#### Supplied data
════════════════
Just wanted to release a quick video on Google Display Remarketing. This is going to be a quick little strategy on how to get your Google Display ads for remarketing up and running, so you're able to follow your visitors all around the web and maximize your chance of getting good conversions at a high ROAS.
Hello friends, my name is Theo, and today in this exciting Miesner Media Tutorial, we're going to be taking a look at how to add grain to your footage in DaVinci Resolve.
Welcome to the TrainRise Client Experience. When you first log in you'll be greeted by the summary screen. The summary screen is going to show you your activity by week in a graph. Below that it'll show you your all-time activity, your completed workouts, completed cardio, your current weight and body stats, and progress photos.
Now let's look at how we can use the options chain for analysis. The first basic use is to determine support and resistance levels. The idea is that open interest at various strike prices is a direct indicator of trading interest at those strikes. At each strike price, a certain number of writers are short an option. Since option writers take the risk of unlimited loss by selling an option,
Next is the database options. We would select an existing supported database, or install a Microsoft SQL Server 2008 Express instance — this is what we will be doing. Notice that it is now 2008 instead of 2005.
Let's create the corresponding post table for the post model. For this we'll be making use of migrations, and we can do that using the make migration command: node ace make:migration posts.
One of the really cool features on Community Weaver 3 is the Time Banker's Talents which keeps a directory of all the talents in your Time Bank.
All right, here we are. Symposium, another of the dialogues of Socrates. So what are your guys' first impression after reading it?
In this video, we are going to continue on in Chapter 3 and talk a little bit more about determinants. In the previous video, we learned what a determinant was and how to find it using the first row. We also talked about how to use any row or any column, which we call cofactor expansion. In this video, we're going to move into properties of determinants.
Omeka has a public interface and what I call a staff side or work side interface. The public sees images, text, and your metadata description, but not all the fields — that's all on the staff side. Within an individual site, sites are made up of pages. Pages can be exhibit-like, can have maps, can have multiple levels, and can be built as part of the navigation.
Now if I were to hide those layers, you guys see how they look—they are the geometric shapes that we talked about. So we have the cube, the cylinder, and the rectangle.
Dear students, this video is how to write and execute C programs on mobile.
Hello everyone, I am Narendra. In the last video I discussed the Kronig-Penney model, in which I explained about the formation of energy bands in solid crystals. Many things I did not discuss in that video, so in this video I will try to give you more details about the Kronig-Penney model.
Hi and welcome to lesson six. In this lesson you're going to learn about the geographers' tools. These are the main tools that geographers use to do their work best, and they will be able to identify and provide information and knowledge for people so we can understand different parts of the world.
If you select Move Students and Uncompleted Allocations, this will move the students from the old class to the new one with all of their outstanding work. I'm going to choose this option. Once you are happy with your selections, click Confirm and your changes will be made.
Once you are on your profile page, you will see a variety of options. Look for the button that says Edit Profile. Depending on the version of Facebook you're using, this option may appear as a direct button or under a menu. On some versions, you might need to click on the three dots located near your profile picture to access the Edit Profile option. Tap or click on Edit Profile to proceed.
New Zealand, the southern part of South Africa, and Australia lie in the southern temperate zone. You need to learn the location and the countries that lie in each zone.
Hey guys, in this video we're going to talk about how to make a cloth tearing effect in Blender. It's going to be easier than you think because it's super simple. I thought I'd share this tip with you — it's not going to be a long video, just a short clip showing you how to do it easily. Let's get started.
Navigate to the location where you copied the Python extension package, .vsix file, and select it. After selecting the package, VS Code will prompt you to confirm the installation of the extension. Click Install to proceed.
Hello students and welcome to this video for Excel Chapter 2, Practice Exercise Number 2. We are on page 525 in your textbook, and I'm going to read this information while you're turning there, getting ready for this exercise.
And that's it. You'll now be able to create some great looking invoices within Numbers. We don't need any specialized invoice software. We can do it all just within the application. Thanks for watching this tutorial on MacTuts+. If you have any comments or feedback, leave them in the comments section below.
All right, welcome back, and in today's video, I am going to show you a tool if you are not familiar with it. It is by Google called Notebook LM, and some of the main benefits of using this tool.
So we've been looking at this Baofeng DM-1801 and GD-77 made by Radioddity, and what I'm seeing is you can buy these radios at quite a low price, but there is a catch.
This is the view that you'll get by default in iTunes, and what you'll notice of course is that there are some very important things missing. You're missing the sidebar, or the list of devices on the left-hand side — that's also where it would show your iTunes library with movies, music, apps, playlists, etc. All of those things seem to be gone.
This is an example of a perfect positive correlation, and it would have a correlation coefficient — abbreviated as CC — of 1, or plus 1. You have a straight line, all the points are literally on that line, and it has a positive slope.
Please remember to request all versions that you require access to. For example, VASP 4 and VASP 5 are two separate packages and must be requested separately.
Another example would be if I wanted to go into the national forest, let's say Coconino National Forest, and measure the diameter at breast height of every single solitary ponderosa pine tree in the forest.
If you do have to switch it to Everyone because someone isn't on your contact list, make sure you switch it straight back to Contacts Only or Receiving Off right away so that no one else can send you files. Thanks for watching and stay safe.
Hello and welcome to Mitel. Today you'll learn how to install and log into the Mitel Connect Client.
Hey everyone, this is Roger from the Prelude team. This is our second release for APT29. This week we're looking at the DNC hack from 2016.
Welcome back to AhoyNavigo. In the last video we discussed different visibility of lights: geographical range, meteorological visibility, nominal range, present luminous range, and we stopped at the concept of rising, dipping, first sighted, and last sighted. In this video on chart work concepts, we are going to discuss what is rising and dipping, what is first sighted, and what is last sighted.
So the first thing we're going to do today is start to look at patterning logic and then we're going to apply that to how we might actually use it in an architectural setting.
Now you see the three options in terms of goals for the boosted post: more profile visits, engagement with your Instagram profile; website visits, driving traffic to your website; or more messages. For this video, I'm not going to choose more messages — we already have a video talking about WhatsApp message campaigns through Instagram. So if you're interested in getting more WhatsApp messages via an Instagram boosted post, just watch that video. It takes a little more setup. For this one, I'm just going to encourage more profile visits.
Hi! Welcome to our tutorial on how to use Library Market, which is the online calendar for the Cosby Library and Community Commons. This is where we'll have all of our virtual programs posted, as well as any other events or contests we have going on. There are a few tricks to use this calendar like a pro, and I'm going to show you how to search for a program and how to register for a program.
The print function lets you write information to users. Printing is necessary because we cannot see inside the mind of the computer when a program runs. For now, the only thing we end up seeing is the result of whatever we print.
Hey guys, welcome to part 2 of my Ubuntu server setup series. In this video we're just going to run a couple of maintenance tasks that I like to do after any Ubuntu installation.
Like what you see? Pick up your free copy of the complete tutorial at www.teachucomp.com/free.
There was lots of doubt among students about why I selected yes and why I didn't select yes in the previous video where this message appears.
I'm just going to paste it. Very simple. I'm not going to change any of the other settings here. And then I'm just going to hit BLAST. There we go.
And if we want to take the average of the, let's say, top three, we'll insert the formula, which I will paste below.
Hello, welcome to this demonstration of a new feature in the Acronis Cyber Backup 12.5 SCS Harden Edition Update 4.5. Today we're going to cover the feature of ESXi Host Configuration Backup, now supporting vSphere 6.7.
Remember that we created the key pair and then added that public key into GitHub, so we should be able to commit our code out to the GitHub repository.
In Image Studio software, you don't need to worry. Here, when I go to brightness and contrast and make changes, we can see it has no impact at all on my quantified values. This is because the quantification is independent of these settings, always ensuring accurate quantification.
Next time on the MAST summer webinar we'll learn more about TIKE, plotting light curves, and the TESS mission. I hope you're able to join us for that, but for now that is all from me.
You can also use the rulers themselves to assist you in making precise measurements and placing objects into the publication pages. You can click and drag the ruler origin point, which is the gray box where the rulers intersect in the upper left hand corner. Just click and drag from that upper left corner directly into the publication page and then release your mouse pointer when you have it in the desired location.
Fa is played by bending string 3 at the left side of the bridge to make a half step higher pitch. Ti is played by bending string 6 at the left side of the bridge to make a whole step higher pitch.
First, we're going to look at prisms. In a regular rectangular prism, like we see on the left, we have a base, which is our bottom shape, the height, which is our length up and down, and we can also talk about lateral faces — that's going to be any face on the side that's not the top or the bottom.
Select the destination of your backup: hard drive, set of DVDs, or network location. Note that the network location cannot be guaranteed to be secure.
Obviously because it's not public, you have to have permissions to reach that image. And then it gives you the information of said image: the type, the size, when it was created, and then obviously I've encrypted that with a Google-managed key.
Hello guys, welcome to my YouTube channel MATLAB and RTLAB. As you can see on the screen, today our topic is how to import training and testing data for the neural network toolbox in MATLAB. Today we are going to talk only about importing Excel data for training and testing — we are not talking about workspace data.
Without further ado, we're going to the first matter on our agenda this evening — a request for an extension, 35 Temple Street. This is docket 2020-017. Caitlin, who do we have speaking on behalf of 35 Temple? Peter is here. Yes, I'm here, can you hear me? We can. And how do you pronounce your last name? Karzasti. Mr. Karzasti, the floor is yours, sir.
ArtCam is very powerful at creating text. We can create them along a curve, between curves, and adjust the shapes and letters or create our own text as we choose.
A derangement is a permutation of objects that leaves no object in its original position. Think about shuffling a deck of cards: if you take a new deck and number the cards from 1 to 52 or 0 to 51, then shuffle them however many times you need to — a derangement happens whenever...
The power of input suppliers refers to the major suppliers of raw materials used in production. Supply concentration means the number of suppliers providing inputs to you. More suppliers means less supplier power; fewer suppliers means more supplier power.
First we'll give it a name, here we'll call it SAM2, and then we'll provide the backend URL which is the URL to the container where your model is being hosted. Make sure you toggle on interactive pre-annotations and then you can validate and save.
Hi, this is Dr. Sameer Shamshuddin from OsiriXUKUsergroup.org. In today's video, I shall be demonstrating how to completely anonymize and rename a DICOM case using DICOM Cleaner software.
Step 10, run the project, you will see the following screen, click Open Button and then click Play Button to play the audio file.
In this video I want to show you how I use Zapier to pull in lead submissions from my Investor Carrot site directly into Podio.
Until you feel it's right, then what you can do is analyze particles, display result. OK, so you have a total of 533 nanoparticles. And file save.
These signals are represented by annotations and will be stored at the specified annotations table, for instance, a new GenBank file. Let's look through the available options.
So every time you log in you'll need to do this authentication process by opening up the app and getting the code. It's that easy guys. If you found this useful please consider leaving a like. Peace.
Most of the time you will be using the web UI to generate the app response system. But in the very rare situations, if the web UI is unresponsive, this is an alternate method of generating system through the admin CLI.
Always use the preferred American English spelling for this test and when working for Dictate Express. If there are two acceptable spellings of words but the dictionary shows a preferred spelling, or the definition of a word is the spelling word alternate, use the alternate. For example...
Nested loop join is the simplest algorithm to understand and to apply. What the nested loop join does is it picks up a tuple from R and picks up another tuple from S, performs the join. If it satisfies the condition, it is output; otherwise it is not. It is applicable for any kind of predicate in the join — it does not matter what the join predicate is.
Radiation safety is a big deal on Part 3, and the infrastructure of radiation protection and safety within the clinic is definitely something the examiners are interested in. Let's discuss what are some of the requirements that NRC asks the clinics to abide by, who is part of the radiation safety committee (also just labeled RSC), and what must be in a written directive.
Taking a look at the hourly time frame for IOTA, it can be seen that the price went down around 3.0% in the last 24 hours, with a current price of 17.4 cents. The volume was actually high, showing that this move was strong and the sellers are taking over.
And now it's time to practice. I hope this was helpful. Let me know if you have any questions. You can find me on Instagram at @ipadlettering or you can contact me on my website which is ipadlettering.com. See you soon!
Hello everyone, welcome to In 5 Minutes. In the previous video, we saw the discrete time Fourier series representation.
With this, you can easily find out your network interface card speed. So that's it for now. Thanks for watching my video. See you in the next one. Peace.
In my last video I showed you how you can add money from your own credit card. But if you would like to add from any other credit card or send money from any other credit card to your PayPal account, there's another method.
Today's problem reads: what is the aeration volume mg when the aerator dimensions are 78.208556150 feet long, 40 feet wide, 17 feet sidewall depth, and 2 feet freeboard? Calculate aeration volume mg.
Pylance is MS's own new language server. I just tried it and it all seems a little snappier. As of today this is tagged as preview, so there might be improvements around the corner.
════════════════
#### Your instructions
The word "Client" may appear in several lines of the data; copy every line where it does.

#### Response to this task
Welcome to the TrainRise Client Experience. When you first log in you'll be greeted by the summary screen. The summary screen is going to show you your activity by week in a graph. Below that it'll show you your all-time activity, your completed workouts, completed cardio, your current weight and body stats, and progress photos.
Hello and welcome to Mitel. Today you'll learn how to install and log into the Mitel Connect Client.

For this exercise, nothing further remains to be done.